The LIMBER devices are comfortable, she said. They are also made from water-proof materials, in contrast to traditional prosthetics made of carbon fibre and metal. Materials for prosthetics have improved dramatically over the last 35 years, from wood all the way to space-age materials and materials that can be 3D printed, said Barrack, who is a certified prosthetist and orthotist.

LIMBER has conducted many tests to see what kinds of loads 3D materials could bear and design their prosthetics accordingly, Barrack said. They also are conducting testing to make sure the prosthetics are safe. “Patient safety comes first,” he said.

Democratising prosthesis

Traditionally, a model of the residual limb is carved by hand by a specialist; a time-consuming process that is expensive and can’t be replicated. “They are like sculptors,” De Vivo said. “And there are not enough of them.” Specialists then build the prosthesis to fit around this model.

Instead, LIMBER uses digital tools to democratise access. The team is using an off-the-shelf app on their phones to scan the amputated limb. They upload the data to a computer-aided design program to build a digital twin of the patient’s residual limb. They then build a model of the prosthesis to complement the digital twin. This allows the researchers to save a lot of time, as they don’t have to do several fittings to get the shape of the prosthetic right.
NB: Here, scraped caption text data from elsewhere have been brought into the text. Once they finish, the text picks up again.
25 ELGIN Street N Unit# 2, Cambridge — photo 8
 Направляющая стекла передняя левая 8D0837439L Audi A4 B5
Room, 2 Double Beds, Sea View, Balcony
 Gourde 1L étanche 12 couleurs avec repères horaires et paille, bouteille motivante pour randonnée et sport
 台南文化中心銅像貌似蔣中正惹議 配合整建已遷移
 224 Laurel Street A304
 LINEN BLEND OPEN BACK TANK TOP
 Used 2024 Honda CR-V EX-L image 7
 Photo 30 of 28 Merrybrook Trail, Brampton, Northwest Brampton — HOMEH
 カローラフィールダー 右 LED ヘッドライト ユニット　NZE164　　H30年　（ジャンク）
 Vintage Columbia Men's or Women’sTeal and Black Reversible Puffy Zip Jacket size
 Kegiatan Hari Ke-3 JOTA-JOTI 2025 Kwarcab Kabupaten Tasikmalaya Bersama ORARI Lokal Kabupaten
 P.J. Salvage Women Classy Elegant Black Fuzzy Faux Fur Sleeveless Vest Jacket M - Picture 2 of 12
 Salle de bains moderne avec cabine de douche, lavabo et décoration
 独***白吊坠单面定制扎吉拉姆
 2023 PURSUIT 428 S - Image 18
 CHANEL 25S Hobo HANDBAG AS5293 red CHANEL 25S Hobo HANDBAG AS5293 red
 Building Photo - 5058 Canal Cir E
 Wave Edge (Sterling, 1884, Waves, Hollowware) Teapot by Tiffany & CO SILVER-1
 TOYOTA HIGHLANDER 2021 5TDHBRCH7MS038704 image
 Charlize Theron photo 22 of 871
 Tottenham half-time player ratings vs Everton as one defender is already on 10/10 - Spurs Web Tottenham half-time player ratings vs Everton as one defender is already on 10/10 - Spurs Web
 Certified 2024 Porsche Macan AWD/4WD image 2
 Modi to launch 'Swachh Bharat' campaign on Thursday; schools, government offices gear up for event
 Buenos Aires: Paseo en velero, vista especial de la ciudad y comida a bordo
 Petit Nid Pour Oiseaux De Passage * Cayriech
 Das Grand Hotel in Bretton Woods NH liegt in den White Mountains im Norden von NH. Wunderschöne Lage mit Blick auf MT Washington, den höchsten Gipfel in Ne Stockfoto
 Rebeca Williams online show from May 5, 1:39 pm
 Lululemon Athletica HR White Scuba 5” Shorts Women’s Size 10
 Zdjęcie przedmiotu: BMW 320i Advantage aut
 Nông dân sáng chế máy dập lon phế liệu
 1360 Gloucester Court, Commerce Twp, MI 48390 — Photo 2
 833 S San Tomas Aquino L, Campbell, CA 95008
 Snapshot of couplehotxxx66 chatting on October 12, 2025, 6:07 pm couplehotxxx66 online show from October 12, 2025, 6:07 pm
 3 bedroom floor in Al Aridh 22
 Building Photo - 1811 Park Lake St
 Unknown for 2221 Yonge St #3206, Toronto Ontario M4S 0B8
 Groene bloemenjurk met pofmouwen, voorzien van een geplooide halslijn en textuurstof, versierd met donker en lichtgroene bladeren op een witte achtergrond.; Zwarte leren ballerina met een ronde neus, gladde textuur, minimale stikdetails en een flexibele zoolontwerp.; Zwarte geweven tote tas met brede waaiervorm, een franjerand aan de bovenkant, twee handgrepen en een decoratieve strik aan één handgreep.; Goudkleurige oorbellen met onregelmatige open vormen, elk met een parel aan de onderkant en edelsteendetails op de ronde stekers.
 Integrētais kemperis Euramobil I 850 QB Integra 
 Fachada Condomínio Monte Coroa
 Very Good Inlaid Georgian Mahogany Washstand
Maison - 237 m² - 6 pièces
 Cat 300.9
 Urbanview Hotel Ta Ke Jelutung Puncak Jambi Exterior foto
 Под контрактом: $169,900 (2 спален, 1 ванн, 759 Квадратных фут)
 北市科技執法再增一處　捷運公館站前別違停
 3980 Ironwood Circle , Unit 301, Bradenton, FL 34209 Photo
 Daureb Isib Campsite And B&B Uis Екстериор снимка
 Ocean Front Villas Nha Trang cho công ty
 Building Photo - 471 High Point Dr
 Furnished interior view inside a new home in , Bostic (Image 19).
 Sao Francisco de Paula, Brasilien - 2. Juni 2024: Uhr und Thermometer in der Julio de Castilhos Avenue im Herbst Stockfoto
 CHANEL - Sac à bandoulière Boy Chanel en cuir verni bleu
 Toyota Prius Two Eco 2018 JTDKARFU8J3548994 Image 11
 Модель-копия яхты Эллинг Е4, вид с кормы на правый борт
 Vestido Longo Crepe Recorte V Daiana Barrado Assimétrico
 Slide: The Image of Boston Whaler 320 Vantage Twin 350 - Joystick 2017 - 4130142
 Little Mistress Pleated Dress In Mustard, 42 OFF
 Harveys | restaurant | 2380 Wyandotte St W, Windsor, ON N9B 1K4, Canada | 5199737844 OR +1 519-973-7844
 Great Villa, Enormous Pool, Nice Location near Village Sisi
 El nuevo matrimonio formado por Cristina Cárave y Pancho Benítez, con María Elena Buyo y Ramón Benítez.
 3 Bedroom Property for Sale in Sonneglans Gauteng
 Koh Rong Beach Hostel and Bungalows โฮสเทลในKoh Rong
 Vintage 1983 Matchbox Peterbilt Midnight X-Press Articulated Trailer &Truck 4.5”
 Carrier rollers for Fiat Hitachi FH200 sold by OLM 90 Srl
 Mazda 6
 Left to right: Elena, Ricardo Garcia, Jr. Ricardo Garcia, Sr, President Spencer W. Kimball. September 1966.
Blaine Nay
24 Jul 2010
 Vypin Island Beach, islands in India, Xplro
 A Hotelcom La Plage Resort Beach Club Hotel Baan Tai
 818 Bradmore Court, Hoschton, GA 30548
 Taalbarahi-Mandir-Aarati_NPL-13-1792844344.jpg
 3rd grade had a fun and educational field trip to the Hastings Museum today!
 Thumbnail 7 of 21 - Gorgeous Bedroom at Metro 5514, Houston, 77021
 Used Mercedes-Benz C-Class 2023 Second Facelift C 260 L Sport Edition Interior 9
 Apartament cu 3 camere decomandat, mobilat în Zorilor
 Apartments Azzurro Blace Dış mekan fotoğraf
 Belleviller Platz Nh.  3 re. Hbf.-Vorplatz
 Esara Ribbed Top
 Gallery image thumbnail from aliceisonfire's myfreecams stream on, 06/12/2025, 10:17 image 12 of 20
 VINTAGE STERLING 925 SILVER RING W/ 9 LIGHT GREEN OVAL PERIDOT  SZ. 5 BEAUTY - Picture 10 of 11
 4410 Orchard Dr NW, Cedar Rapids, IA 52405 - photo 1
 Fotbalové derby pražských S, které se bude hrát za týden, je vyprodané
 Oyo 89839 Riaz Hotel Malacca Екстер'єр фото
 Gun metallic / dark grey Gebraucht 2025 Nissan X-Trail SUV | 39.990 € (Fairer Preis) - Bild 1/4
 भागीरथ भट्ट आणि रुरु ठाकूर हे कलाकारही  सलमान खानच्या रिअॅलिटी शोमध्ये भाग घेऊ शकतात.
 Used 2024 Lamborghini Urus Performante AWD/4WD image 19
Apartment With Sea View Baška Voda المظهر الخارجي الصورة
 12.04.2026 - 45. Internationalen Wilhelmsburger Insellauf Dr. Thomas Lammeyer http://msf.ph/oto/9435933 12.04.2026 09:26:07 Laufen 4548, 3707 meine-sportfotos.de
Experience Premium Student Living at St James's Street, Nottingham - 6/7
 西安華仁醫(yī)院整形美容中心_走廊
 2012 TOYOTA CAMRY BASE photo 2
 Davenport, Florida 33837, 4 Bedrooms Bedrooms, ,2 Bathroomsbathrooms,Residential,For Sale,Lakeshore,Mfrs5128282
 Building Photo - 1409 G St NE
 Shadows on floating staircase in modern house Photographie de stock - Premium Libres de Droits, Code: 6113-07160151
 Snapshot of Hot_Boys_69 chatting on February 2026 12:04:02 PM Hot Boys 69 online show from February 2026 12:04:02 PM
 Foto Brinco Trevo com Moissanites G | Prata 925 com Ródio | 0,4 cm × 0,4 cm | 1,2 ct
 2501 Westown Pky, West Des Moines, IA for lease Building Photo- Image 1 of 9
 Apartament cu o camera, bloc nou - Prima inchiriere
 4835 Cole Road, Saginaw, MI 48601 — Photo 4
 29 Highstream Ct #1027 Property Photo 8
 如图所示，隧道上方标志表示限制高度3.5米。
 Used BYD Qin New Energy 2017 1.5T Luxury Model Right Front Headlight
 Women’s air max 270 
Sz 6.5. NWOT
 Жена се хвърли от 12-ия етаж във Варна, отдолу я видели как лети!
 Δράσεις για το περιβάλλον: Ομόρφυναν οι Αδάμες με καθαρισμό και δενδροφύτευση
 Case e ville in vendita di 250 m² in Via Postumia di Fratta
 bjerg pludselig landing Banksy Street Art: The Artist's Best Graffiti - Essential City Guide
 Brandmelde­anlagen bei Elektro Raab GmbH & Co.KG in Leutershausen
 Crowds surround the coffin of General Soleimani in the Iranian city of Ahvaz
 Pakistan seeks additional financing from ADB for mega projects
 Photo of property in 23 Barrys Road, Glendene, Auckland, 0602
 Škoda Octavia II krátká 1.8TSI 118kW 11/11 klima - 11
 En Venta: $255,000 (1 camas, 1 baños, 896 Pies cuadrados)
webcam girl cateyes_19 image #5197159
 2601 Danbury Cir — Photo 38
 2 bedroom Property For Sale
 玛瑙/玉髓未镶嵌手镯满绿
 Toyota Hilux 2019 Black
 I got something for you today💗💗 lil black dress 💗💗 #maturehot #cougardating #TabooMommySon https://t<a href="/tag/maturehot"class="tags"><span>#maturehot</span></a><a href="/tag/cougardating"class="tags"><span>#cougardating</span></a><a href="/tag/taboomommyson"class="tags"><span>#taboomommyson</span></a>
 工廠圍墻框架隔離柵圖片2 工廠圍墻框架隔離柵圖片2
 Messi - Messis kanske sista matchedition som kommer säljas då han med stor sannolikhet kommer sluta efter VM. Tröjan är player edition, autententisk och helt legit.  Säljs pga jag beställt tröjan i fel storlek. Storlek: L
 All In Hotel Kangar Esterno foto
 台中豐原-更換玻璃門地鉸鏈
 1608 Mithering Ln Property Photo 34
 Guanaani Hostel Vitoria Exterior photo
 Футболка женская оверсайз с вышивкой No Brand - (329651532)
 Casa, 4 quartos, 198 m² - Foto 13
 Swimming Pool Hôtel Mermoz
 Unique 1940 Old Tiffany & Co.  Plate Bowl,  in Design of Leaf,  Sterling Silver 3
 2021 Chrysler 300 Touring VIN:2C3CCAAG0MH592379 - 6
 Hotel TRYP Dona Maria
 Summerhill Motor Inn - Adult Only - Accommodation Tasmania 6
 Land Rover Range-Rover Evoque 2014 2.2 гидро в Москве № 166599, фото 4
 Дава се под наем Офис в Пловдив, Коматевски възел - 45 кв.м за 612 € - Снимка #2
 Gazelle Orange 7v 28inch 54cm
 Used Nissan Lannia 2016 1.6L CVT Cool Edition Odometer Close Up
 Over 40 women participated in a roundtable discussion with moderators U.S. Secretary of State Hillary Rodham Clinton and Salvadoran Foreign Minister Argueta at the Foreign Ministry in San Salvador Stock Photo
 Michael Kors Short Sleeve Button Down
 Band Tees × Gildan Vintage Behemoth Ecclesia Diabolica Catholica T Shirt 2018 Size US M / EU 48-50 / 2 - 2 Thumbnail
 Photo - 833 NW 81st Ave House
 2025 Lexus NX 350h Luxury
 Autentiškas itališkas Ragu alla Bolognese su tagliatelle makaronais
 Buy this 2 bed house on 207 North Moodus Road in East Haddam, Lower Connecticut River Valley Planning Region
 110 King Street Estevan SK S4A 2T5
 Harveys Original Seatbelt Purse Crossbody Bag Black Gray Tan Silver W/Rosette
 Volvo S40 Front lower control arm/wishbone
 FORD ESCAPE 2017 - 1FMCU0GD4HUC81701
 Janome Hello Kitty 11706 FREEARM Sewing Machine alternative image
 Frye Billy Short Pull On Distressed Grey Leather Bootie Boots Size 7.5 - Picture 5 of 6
Researchers also decreased the weight of the prosthetic by using cutting-edge 3D printing materials. Most of their new prosthetics are made from a combination of nylon and nylon filled with chopped carbon fibre. By 3D printing with the two materials, the team can vary the stiffness of the limb, making the foot more flexible, for example. Researchers also built a custom 3D printer from the ground up.

Bioinspiration and next steps

The design of the prosthesis is inspired by the structure of the Cholla cactus, which De Vivo studied both as an undergraduate and graduate student. The cacti’s wooden skeleton needs to withstand difficult desert conditions and hurricane force winds. It does this thanks to its skeleton: a cylinder of wooden fibres that crisscross at a 45-degree angle, with oval empty spaces in between them, a little like a chain link fence. This open space allows the cacti skeleton to bend or rotate in windy conditions.

Pelz and De Vivo are still working to perfect their process. They are now conducting materials testing. This summer, they will start a human subject study to evaluate the prosthetics’ performance. They also plan to incorporate sensors within the prosthesis for better performance. Their work will be documented in several scientific articles set to appear this year.

“Digital twin technology combined with 3D printing holds tremendous promise to change the way prosthetics are manufactured – and made accessible,” Kuester, the Structural Engineering Professor, said.